For this test, we use $760$ k showers sampled from the BIB-AE and L $2$ LFlows each. Just as for the Geant4 vs BIB-AE/L $2$ LFlows classifier, we make a $60\%:20\%:20\%$ split to obtain training, validation and test showers of the classifier. The AUC of the classifier on the test dataset (where we evaluate the checkpoint with highest validation accuracy) is $1.0000$ , implying that a fully-connected classifier has no trouble distinguishing between BIB-AE and L $2$ LFlows showers. The architecture and hyperparameters of this BIB-AE vs L $2$ LFlows classifier are identical to the Geant4 vs BIB-AE/L $2$ LFlows classifiers; with the exception of the number of training epochs, see details in App. C.

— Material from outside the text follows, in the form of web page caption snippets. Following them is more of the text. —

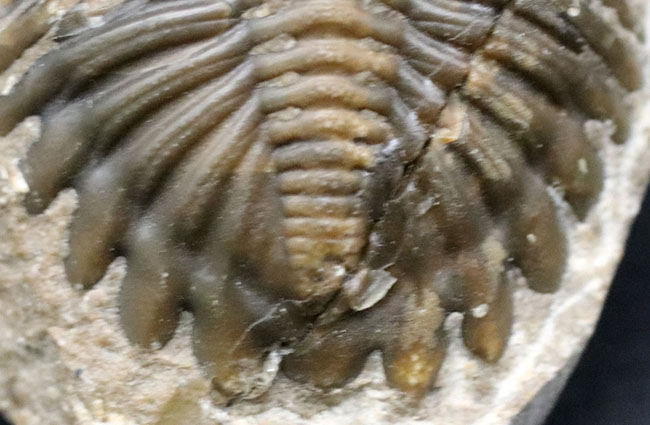 丸みを帯びたフリルが特徴的、モロッコ産のデボン紀の三葉虫、メタカンティナ(Metacanthina)の化石(その7)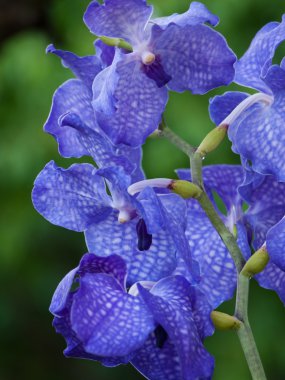 Mavi orkide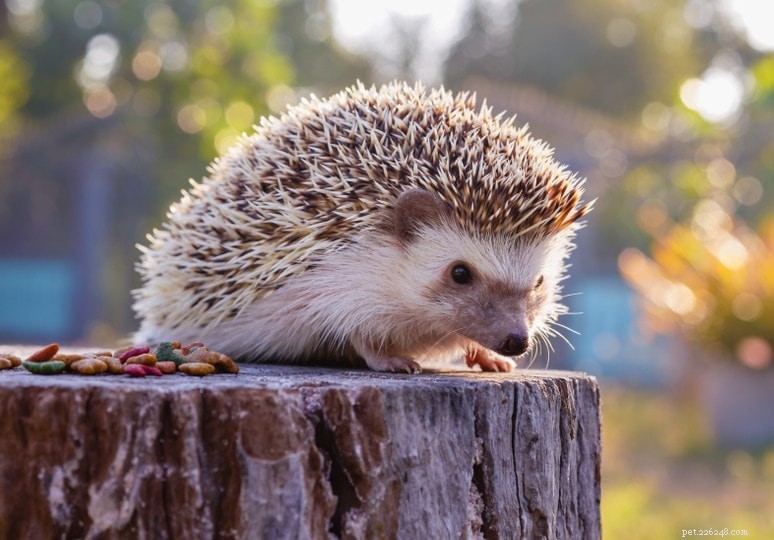 Can Hedgehogs Safely Eat Oranges? Essential Facts for Pet Owners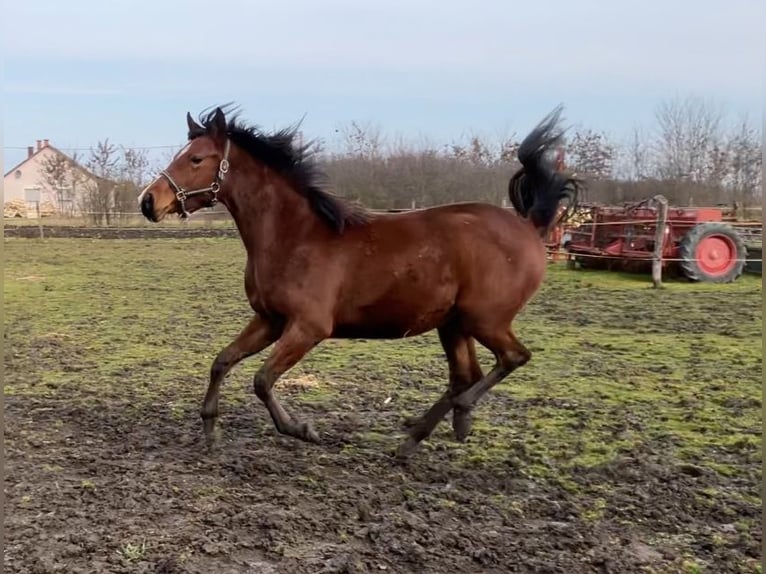 Kisber Mix Giumenta 2 Anni 150 cm Baio ciliegia in Füzesgyarmat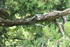 REVES DE BOIS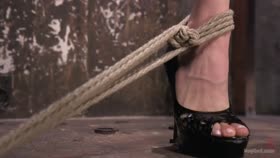 Penny Pax on the wall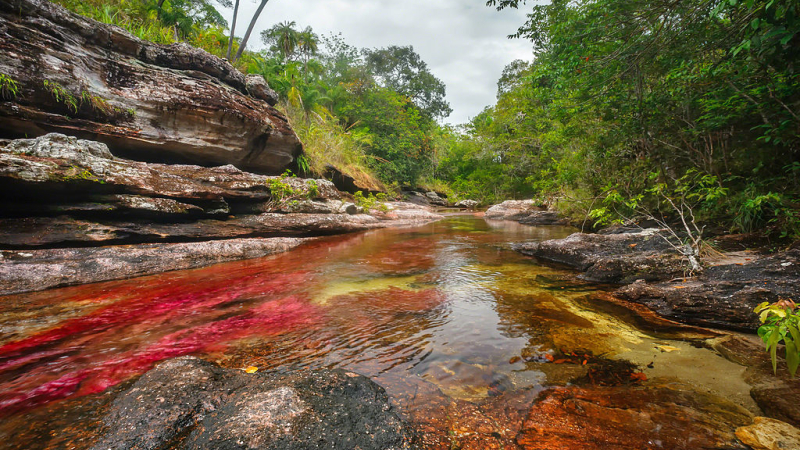 Caño Cristales: el mejor destino colombiano que no conocías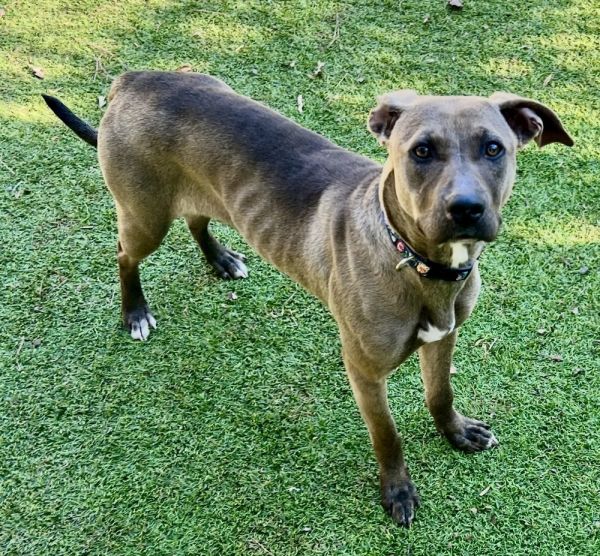 Oakleigh thumbnail 3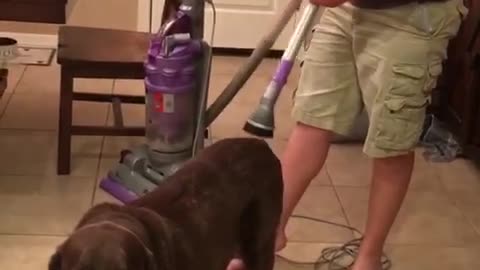 Chocolate Lab absolutely loves to get vacuumed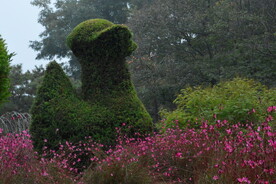 山桃草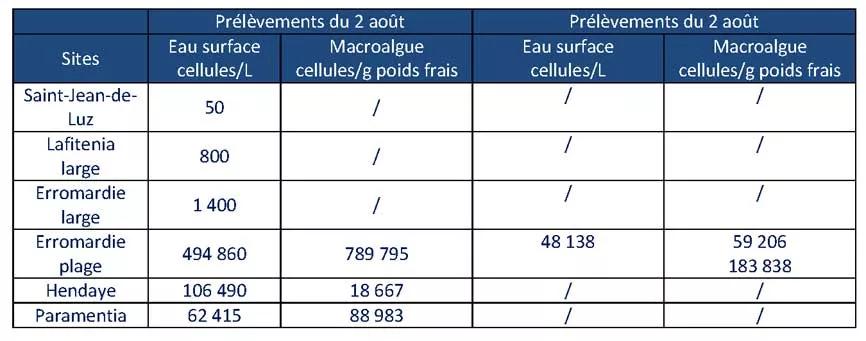 Tableau résultats Ostreopsis Côte Basque du 12/08/2021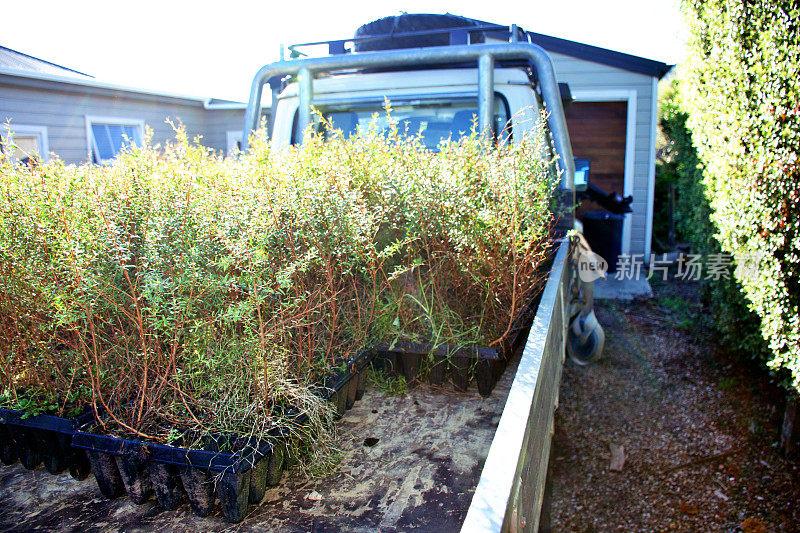 麦卢卡树幼苗装载在Ute上准备种植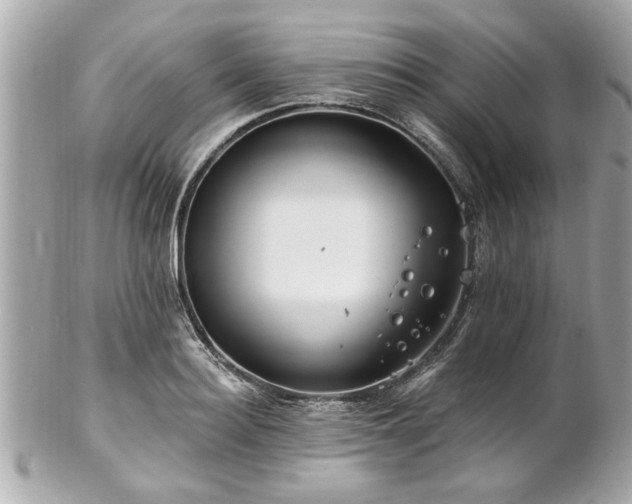 X0000102490940200808151453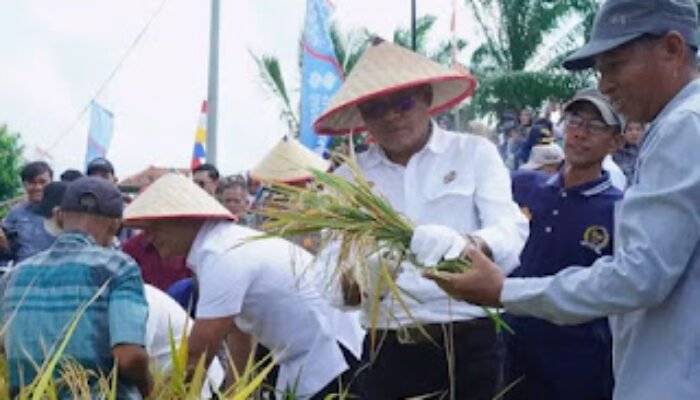 Panen Perdana Padi Varietas Inpari 32 di Pimpin Langsung Walikota Prabumulih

For evaluation, we consider the test sets of the classifier containing $152$ k showers for the BIB-AE and L $2$ LFlows each and use $152$ k Geant4 test showers to compare the classifier outputs. The means of the output probabilities $p(\textsc{L$ 2 $LFlows}|x)$ for $x$ coming from BIB-AE, L $2$ LFlows, and Geant4 are $0.03\%$ , $99.91\%$ , and $98.84\%$ respectively. This indicates that Geant4 and L $2$ LFlows-generated showers are much closer to each other than Geant4 and BIB-AE-generated showers are. To further visualize this result, we plot the predictions of the classifier on the test showers in Fig. 12. This also shows us that Geant4 showers are on average more likely to be identified as coming from L $2$ LFlows than BIB-AE by the classifier. All of this strenghtens our conclusion that L $2$ LFlows captures the underlying shower distribution of Geant4 much better than the BIB-AE.

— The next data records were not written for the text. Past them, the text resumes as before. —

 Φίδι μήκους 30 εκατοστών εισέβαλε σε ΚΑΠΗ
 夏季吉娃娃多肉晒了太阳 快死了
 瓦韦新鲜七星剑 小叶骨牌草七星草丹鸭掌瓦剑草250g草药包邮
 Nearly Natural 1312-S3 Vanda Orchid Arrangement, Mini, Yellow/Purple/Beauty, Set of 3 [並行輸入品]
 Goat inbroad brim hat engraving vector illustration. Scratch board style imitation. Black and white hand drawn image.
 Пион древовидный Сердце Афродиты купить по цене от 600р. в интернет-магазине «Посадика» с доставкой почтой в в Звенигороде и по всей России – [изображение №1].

4.3 Shower Generation Timings

Table 3 shows the mean sampling time per shower for Geant4, the BIB-AE and L $2$ LFlows. For L $2$ LFlows, the sampling times of the energy distribution flow are not accounted for, as they are negligibly small compared to the mean shower generation times of the causal flows. For Geant4, the same number as in Ref. [12] is taken, as cropping the dataset from $30\times 30\times 30$ to $30\times 10\times 10$ was done once the Geant4 showers were simulated in the full ECal prototype.101010Simulating the showers in $30\times 10\times 10$ would be unphysical, since this would not take into account backscattering for example. Also, we do not expect a large difference between generation timings for showers simulated in a $30\times 30\times 30$ cube or a $30\times 10\times 10$ cuboid, since we focused ourselves on the core of the showers, where most energy depositions happen. We note that, in contrast to Geant4, shower generation times for L $2$ LFlows and the BIB-AE do not depend on the incident energy.

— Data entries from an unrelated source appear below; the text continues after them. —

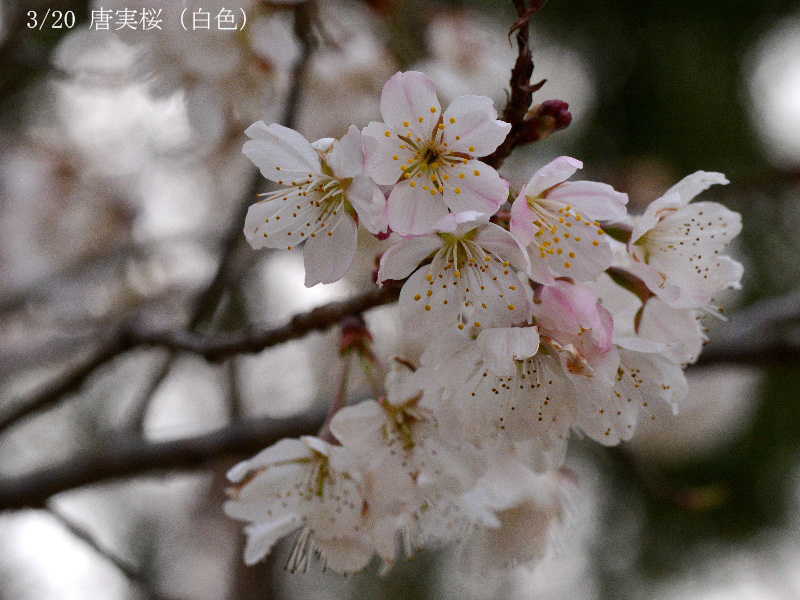 03唐実桜白色-20260322-0013
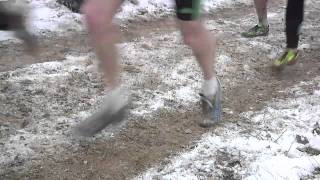 Championnat de France cross country [upl. by Le]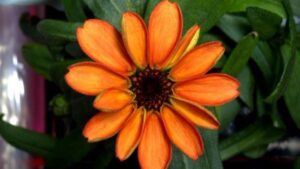 Flor en el espacio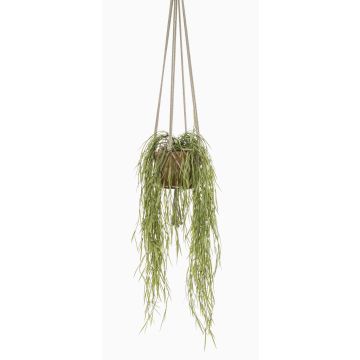 Suspension artificielle d'Hoya linearis MIKI, pot en terre cuite, vert, 85cm Suspension artificielle d'Hoya linearis MIKI, pot en terre cuite, vert, 85cm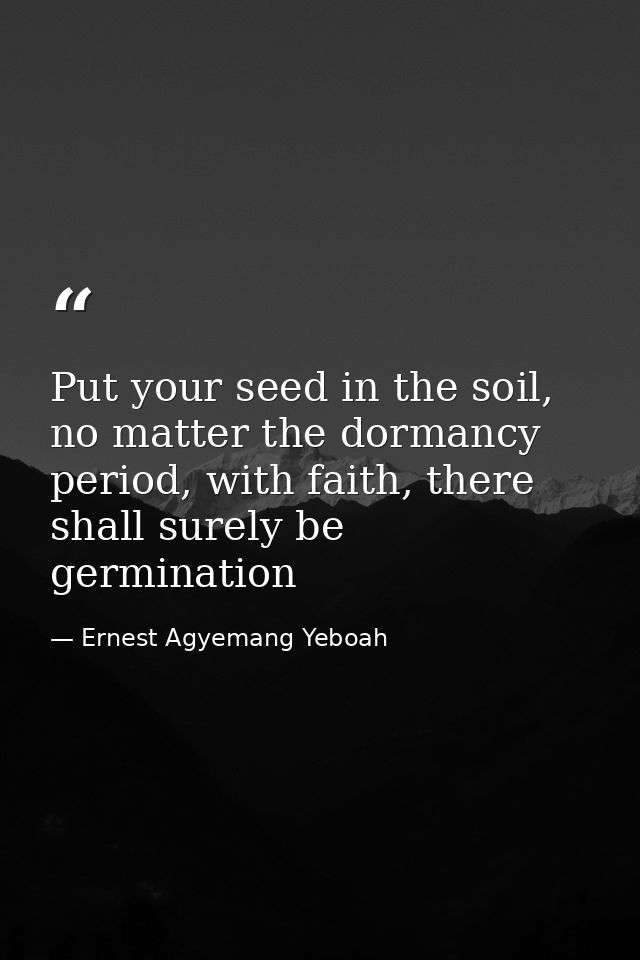 Put your seed in the soil, no matter the dormancy period, with faith, there shall surely be germination — Ernest Agyemang Yeboah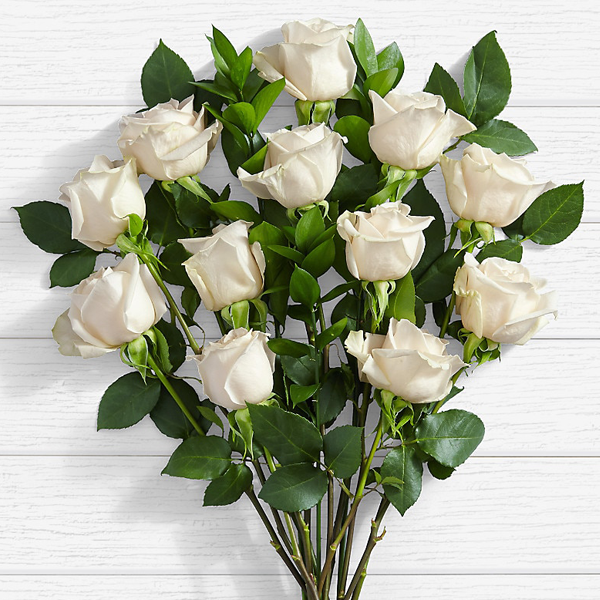 Detail White Roses Pictures Nomer 54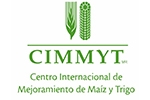 clientes_cimmyt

Since the generation times of a MAF scale with the dimensionality $d$ of the input samples, one can expect the sampling times for L $2$ LFlows to worsen by a factor of $9$ when going from the $30\times 10\times 10$ to the full $30\times 30\times 30$ data, while the Geant4 run time would stay the same111111For the BIB-AE, the mean sampling times on the full dataset can be found in Ref. [12].. The main bottleneck is not our autoregressive treatment of the ECal layers, but more the MAFs with which we model every single ECal layer.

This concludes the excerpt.